* Work order:
From the entries below, write out exactly the lines between the line holding "image:imageBandai Spirits Ichibansho" and the line holding "145 Crooked Rd, Dale, TX 78616 - Photo 26", inclusive, excluding any pictures.

* Supplied entries:

════════════════

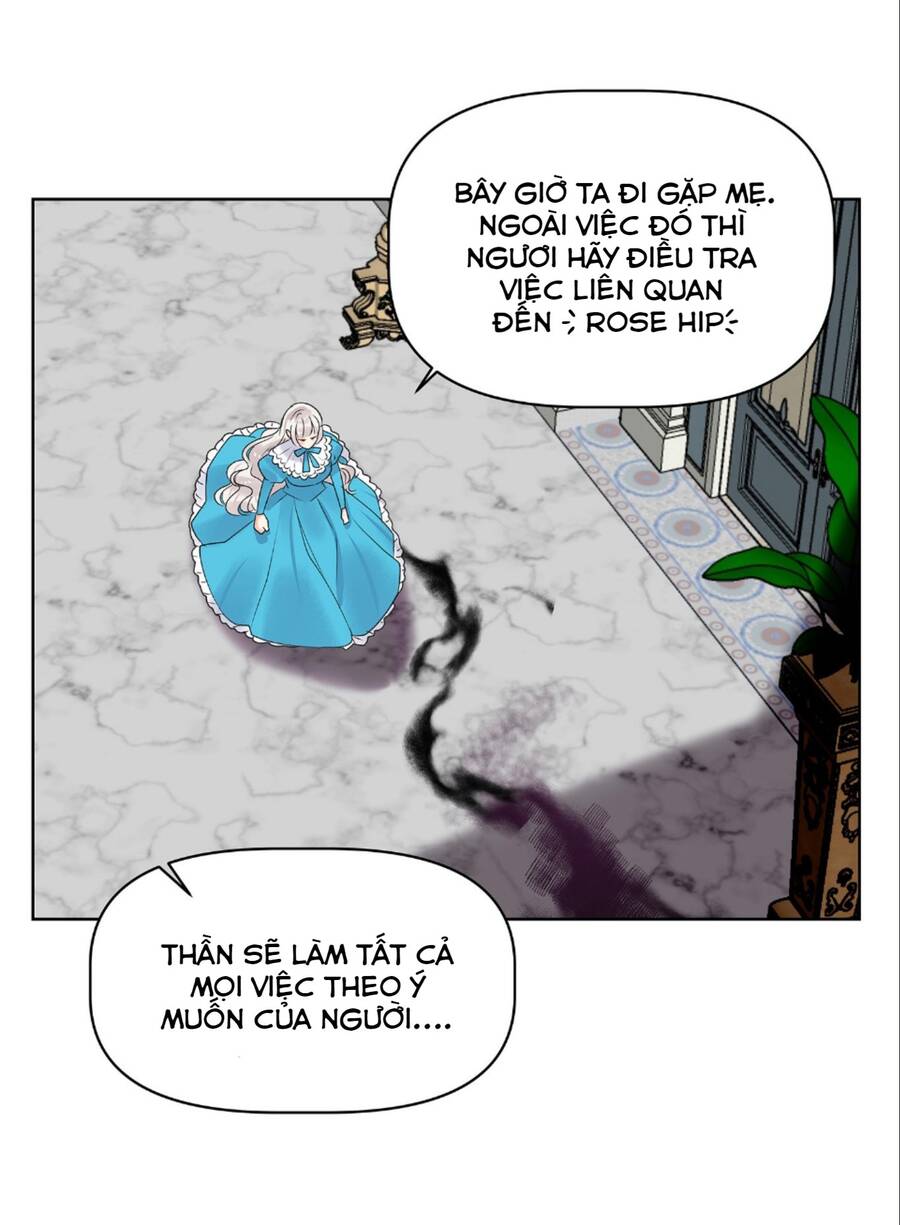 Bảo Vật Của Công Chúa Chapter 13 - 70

════════════════

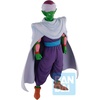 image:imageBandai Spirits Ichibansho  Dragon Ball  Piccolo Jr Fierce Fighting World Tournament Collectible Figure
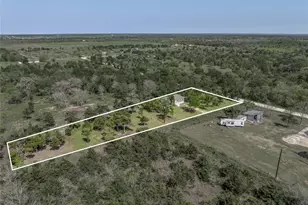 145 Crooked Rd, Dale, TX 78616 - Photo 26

════════════════

* Exercise output:
 image:imageBandai Spirits Ichibansho  Dragon Ball  Piccolo Jr Fierce Fighting World Tournament Collectible Figure
 145 Crooked Rd, Dale, TX 78616 - Photo 26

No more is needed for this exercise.